LOYO-litas

Saat pertama menginjakkan kaki pertama kali di Surabaya (Jawa Timur), perasaan kagum akan bangunan yang tinggi-tinggi, keindahan taman, dan jalan aspal yang mulus sulit diutarakan dengan jelas. Intinya secara subjektif saya katakan sangat bagus. Entah bagi yang lainnya. Hal yang paling sayang kagum adalah hampir tidak terlihat tanah. Tanah hanya ada di taman, tapi sepanjang jalan umum, gang/lorong, halaman rumah itu disemen, pasang paving blok, atau diaspal. Hampir sebagian tanah sudah tertutup.
            Hari ini merupakan kali kedua saya merasakan akibatnya selama kurang lebih 6 bulan tinggal di Surabaya. Dampaknya adalah banjirrrr..... Memang, masih banyak faktor lain yang bisa menyebabkan banjir. Saya pikir salah satunya karena tidak ada lagi tanah terbuka, tempat air meresap. Dasar saya berpikir seperti itu karena terinngat akan pelajaran Ilmu Pengetahuan Alam saat SD dulu, dimana air akan diserap ke dalam tanah dengan bantuan akar-akar tumbuhan. Tapi, kalau kondisi seperti tadi, butuh waktu yang lama air akan meresap. Mudah-mudahan ilmu yang sederhana ini bisa dijadikan bahan pertimbangan untuk daerah yang masih normal, biar membangun dengan bijaksana.

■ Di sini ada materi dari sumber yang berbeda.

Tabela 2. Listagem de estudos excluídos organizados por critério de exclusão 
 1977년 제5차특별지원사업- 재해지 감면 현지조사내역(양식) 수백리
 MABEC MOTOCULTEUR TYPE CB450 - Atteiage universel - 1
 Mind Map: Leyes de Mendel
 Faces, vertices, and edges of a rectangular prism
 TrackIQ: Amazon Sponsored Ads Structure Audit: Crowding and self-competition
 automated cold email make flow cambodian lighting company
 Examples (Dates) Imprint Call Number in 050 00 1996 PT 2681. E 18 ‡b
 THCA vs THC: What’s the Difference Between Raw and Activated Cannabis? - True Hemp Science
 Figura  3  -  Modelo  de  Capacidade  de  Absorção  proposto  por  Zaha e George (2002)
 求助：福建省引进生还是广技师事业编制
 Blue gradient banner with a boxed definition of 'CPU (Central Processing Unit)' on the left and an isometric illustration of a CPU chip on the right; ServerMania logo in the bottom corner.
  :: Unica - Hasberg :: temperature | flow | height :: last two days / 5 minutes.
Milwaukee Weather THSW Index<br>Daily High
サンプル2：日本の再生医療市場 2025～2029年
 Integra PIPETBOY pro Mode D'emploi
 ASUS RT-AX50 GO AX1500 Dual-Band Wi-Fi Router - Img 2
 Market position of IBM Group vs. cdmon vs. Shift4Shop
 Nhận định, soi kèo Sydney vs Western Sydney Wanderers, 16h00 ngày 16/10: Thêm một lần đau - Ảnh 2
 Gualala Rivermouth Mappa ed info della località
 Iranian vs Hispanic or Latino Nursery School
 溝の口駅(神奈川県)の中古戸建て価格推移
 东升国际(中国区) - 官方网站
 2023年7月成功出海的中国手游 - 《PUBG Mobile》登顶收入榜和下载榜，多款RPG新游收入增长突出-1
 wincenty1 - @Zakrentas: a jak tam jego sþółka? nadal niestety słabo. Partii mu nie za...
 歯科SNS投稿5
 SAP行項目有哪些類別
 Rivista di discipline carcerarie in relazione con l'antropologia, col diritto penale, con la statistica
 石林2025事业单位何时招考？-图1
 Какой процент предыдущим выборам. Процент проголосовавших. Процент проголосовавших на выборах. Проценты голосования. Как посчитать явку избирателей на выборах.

             Kalau banjir di sungai, itu pemandangan yang biasa bagi saya setiap musing hujan datang. Tapi kalau sampai air masuk dalam rumah, itu baru luar biasa. Memang bukan hal yang baru keadaan seperti ini di Indonesia, tapi secara pribadi sebelumnya hanya lihat dalam pemberitaan TV.
Kali ini baru merasakan langsung seperti apa rasanya. Awalnya, saat air mulai masuk ke dalam rumah, saya bersama-sama teman satu kost tertawa kegirangan. Maklum, semua penghuni kost adalah anak rantauan dari luar pulau. Sama-sama baru merasakan banjir. Nano, teman sebelah kamar langsung buat kapal-kapalan dari kertas, lalu bermain. Persis perilaku saat masih kanak-kanak. Yang lain sibuk foto-foto, lalu upload di Facebook dilengkapi dengan status. Saya juga ikut mengambil gambar, hitung-hitung untuk ide buat tulisan di blog ini. Ada benarnya juga sebuah ungkapan; setiap ada musibah pasti, pasti ada hikmah yang bisa diambil.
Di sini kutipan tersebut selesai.